=== Directions for this task ===
Copy each line of the records that includes "Your".

=== Data for this exercise ===
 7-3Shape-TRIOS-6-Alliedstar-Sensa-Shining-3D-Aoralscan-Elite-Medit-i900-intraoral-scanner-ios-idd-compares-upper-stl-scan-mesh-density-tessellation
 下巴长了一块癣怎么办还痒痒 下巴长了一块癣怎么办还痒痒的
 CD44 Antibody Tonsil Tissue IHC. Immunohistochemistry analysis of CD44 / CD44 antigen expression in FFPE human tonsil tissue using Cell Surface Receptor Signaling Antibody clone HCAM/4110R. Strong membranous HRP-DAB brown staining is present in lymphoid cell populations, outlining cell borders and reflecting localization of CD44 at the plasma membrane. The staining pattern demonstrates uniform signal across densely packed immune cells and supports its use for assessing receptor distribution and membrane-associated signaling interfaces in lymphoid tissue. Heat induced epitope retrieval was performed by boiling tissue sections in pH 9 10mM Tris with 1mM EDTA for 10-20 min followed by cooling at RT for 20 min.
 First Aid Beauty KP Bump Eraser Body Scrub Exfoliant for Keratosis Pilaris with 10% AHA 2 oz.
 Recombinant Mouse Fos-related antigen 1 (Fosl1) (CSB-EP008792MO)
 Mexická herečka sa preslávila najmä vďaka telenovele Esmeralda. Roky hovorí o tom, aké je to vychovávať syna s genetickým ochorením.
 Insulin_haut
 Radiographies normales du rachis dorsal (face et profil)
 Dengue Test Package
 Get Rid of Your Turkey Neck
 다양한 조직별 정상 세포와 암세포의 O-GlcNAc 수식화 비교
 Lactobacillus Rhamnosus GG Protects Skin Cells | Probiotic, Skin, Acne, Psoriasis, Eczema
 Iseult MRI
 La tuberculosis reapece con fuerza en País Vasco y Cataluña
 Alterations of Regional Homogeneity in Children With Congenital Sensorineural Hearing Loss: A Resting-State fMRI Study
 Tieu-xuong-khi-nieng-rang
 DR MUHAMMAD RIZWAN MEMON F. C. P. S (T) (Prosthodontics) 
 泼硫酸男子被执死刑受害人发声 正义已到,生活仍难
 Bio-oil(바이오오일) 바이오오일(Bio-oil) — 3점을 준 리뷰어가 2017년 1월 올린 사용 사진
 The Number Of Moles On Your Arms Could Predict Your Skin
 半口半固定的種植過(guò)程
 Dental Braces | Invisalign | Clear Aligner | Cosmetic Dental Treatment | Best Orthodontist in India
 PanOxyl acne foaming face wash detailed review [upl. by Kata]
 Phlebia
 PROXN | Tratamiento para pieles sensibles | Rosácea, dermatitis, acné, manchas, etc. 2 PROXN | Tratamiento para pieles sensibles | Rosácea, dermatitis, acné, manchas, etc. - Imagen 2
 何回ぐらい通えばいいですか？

=== Expected output ===
 Get Rid of Your Turkey Neck
 The Number Of Moles On Your Arms Could Predict Your Skin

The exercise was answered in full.